Then later when you have a boss who is looking over your shoulder at every step to make sure that you're not trying to get away with something... guess who is going to be complaining about trust?

Assuming offline degrees still have any value. Experience seems to outweigh that from what i have seen.

For instance my degree is completely useless just because i have it from a different country.

Luckily that never prevented me from doing what i like regardless.

I might actually bother to take the time get the same degree in the country i currently live in but that's not because that piece of paper has any value it's just because I always enjoyed learning new things.

I completely disagree with this.

While it may be true that if classes were more interesting then cheating would be reduced slightly, that doesn't make it the problem. Similarly, if content creators didn't want any money for their content then piracy would be reduced. But it's pretty obvious that's not a realistic solution.

Calling it a service problem just enables the entitled attitude of pirates and cheaters (you aren't giving me exactly what I want for the price I want, so I'm just going to take it.)

There are classes that are important or required, but may be boring. You think that in life, you will love every single hour of whatever job you end up with? No, of course not. That doesn't entitle you to cheat your way through those classes anymore than you could skip shitty days at work.

Have you taught? I'm pretty miffed at the idea that you think professors should take students that cheat as their own failing.

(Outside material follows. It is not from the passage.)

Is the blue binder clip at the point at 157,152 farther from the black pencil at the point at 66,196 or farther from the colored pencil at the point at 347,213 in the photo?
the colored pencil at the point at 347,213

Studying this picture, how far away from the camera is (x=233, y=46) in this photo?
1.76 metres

I can assure you that most professors invest considerable time in trying to make the material interesting, relevant, accessible, etc. And even if they fail, or the course is an "irrelevant" required course, that does not justify cheating.

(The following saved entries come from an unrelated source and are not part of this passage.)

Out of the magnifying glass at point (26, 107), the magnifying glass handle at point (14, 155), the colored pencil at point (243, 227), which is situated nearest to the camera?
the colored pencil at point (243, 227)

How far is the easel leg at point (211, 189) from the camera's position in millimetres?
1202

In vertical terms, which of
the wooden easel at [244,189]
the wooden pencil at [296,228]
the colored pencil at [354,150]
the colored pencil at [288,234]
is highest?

You must have experience teaching!

I do not, but my wife does. She is a professor of English and she relates stories to me of her classes daily. One thing that helps her classes is that she always explains why they need to learn something, and she never introduces a lesson that doesn't further her own learning outcomes that she has set up (for intro classes she structures such that students are ready for her upper level courses, and for those courses she structures such that students will be able to succeed not only in English but also in other areas as well).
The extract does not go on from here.